Page MenuHomePhabricator

config file change canarying for logstash
Closed, ResolvedPublic

Description

It's possible for Puppet to deploy a bad configuration file and crash logstash everywhere. Oof.

While there is a hypothetically-easy fix of using logstash --config.test_and_exit this does not catch all errors that will cause a crash on startup.

Event Timeline

colewhite triaged this task as Medium priority.Apr 16 2019, 3:39 PM

Change 587704 had a related patch set uploaded (by Filippo Giunchedi; owner: Filippo Giunchedi):
[operations/puppet@production] logstash: validate config files

https://gerrit.wikimedia.org/r/587704

Change 587705 had a related patch set uploaded (by Filippo Giunchedi; owner: Filippo Giunchedi):
[operations/puppet@production] logstash: log safepoints only when running the daemon

https://gerrit.wikimedia.org/r/587705

Change 587704 merged by Filippo Giunchedi:
[operations/puppet@production] logstash: validate config files

https://gerrit.wikimedia.org/r/587704

Puppet will ask Logstash to validate individual config files before installing them via validate_cmd. The puppet run will fail if e.g. syntax is invalid and the new config file won't be installed. Likely Good Enough™ for now to bandaid production Logstash outages.

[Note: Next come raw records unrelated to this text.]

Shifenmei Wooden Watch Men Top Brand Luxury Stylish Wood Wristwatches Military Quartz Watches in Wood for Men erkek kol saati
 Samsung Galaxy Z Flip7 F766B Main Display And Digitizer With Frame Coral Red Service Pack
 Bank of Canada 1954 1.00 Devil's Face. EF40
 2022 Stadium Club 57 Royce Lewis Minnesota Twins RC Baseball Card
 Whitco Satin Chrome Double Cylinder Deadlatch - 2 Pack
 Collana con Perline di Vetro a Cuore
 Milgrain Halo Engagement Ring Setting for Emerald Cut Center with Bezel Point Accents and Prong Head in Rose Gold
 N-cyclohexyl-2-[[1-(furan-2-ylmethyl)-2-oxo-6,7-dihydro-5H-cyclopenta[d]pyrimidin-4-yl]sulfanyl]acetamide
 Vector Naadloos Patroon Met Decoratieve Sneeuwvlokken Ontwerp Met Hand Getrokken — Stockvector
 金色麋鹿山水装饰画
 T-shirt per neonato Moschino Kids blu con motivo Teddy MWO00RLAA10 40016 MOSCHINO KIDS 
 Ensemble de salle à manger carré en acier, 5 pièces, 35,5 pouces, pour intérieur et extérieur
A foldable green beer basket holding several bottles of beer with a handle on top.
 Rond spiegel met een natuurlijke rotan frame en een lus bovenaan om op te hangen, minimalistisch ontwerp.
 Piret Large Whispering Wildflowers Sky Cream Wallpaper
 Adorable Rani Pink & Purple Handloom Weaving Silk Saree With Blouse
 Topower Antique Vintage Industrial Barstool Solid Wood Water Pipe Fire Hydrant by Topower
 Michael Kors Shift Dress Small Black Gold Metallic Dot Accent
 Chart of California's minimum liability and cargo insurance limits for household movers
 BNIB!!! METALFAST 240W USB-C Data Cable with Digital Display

Ideally we can test files at CI/review time as well to catch mistakes earlier.

Change 587705 merged by Filippo Giunchedi:
[operations/puppet@production] logstash: log safepoints only when running the daemon

https://gerrit.wikimedia.org/r/587705

fgiunchedi claimed this task.

I'm going to boldly resolve this, we're testing Logstash config at puppet run time now, which is meant to at least prevent logstash from starting with a syntactically invalid configuration.